One of the central goals of data engineering is the preparation of data sets according to the requirements of the user or the subsequent process steps. The use of data can range from model training in the field of machine learning to improved internal company reporting based on an integrated database.
Ensuring sufficient data quality is central in all cases. While the various fundamental aspects of data quality and their importance for companies were examined in an earlier article, this article presents examples of data quality problems from practice and discusses possible solutions.
Table of contents
Data formats
Error cause in structured text data
Categories of data errors in structured data
Sample data set
Methods of data troubleshooting
Algorithmic data error recovery
Data loss prevention
Role of data quality in project planning
Author
Data formats
A data error always represents a deviation from a target value. This means that possible data errors are strongly dependent on the type and format of the available data. Essentially, a distinction must be made here between structured and unstructured data. Unstructured data – especially text data – usually do not follow a schema, which means that a data error can only be detected by machine in rare cases.
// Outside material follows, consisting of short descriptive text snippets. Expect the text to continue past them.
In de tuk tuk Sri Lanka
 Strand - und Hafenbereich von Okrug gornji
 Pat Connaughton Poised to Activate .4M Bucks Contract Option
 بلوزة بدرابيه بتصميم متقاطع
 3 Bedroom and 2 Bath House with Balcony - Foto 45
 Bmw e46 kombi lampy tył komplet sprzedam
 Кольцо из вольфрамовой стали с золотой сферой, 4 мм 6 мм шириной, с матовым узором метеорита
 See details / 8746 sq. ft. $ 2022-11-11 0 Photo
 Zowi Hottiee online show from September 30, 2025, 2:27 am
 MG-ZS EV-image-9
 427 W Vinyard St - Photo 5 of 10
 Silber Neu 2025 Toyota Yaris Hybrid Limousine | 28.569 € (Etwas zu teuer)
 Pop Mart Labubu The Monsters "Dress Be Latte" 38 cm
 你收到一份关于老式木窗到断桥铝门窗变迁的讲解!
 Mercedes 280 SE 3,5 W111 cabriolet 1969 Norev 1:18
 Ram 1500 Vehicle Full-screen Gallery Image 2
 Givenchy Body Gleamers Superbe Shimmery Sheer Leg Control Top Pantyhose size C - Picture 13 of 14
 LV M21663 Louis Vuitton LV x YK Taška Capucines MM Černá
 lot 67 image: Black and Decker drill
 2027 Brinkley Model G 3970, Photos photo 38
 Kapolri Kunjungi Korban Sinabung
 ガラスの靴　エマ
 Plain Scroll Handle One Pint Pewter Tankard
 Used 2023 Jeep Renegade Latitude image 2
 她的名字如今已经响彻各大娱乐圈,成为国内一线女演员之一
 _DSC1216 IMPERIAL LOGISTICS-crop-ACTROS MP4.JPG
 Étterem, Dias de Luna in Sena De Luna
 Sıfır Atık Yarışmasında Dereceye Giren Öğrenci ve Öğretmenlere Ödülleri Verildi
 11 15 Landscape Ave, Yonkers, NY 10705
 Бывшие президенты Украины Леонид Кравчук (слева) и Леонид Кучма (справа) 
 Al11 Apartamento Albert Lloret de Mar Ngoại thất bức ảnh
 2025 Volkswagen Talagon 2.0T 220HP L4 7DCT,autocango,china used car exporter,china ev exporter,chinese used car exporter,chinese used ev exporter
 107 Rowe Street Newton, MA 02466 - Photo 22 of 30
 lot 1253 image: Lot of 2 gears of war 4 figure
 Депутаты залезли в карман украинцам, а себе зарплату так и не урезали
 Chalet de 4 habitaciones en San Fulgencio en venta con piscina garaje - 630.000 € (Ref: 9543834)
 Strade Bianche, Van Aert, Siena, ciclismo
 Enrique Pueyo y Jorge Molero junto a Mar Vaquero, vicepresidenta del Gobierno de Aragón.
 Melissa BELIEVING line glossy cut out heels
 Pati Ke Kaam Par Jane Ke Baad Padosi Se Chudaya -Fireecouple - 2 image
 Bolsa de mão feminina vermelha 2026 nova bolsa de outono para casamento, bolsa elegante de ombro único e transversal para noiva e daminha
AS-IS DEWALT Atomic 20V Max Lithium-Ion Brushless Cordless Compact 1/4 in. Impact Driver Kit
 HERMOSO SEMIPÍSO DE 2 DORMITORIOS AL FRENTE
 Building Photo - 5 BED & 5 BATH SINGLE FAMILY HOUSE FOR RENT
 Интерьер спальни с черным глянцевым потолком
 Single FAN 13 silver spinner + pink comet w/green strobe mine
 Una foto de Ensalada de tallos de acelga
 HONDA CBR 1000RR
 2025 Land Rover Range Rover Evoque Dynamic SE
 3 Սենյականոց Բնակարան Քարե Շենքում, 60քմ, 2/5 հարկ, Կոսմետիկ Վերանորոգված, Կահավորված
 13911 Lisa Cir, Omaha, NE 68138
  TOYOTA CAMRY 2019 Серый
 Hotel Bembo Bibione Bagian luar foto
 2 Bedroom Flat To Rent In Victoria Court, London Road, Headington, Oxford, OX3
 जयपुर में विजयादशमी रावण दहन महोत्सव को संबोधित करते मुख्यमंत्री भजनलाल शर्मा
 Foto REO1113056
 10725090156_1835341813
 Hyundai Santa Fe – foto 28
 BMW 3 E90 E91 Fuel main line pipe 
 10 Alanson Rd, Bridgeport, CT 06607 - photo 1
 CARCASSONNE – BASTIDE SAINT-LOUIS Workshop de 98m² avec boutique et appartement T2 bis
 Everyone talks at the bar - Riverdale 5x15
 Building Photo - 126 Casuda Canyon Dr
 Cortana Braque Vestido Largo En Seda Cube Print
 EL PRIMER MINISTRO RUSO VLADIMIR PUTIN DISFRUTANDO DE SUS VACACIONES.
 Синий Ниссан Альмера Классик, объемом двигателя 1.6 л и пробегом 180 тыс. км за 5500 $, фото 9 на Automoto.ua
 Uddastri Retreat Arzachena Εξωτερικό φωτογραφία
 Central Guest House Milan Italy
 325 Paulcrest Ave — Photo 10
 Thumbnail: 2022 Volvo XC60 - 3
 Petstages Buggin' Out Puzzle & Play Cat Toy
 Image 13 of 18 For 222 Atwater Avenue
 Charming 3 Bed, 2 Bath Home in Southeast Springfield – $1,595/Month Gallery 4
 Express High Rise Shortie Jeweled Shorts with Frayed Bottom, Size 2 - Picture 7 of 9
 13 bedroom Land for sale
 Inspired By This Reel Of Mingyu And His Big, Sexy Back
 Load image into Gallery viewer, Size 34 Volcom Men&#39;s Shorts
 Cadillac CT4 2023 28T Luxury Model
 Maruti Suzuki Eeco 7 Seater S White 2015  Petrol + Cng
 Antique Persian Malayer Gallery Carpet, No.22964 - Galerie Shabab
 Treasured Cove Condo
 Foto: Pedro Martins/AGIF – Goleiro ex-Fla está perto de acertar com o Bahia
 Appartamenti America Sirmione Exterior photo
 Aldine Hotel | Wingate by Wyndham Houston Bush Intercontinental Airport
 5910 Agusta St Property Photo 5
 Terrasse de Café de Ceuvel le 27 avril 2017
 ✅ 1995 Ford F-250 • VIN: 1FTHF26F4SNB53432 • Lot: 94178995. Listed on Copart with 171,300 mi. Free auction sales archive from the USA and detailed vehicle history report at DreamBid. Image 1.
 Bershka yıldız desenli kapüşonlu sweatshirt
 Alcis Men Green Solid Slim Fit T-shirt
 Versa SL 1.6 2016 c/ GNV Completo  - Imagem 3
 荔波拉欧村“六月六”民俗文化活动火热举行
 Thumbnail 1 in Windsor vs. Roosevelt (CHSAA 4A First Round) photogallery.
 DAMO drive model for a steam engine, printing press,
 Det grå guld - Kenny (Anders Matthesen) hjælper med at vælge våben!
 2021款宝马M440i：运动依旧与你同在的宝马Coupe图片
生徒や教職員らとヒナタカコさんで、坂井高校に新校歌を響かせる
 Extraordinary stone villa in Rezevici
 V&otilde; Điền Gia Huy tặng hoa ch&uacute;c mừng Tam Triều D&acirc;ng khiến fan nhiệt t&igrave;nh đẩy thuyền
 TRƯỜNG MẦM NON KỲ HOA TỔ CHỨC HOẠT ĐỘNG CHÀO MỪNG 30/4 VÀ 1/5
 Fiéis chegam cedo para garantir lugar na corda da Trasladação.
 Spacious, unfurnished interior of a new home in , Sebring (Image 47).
In text files, a typical example is incorrect localisation of floating point values due to inconsistent use of the decimal separator:
1.23 6.4532 7,564 -0.2
In this example, the wrong decimal separator is used in the third line, in this case the comma, which is common in German-speaking countries. Determining which decimal separator is the correct one in each case is usually done by external additional information or by determining the majority within the given data.
Unstructured text data
Possible data errors in text files:
Undefined or deviating character sets: A character set describes the mapping of characters (a, b, ä, €, …) to their binary representation in memory. If this is not correctly defined or is unknown, this leads to incorrect representation and processing of special characters such as German umlauts.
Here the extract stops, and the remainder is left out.